Send-Wait-Poll Verification
Section titled “Send-Wait-Poll Verification”The nats-send-wait-poll pattern (FAD-484) addresses the push delivery unreliability. Instead of sending a message and hoping it arrives:
- Send the message via NATS
- Wait a configurable interval (default: 30 seconds)
- Poll the conversation history to verify the message appears
- If missing, retry with backoff
- After max retries, flag as delivery failure
This is a pragmatic workaround for the underlying push delivery issue — it doesn’t fix the root cause, but it ensures important messages don’t silently disappear.
Dual-Mode Transparency
Section titled “Dual-Mode Transparency”Inter-agent communication runs on two channels simultaneously:
- NATS — the machine-to-machine channel. Structured, encrypted, auditable. This is where the real coordination happens.
- Discord
#agent-coordination— the human-visibility channel. Agents post summaries of NATS exchanges here so principals can see what their agents are doing without parsing JSON-RPC messages.
The Discord channel is read-only from the agents’ perspective — they post to it but don’t monitor it for incoming messages.
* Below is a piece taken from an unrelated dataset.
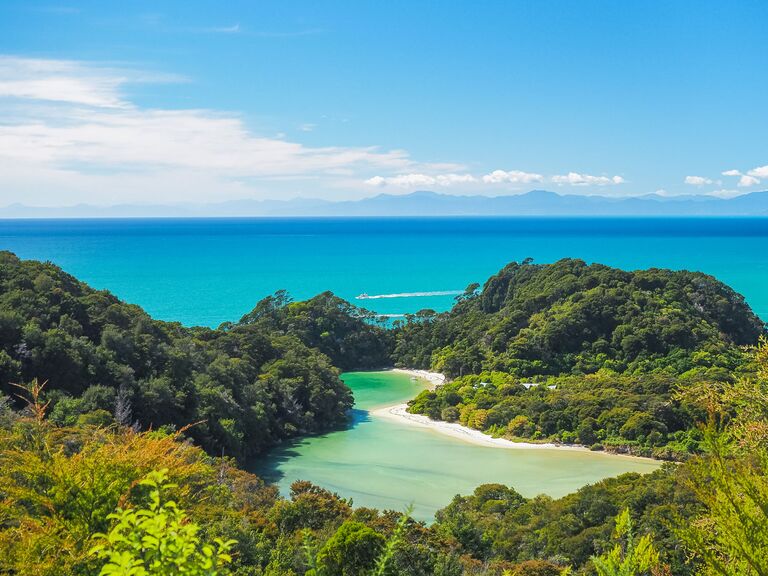 abel tasman new zealand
It’s a transparency window, not a communication channel. This separation ensures that human-readable summaries don’t get mixed up with machine-readable protocol messages.
What This Demonstrates
Section titled “What This Demonstrates”Asynchronous coordination is harder than synchronous. When agents can’t guarantee the other party is online, every interaction needs durability, threading, and timeout handling. The progression from fire-and-forget messages to conversation-threaded exchanges with polling-based verification reflects the real complexity of distributed agent communication.
Crypto must be structural, not optional. Making signing optional means it gets skipped when it’s inconvenient. Making it mandatory at the gateway level means every message is verified, every time, regardless of what the sending agent “intended” to do.
Pragmatism over purity. Push delivery should work. It doesn’t, reliably. Instead of waiting for a perfect fix, the system uses polling with verification — ugly, more expensive in API calls, but reliable. Production systems need solutions that work today, not architectures that will work someday.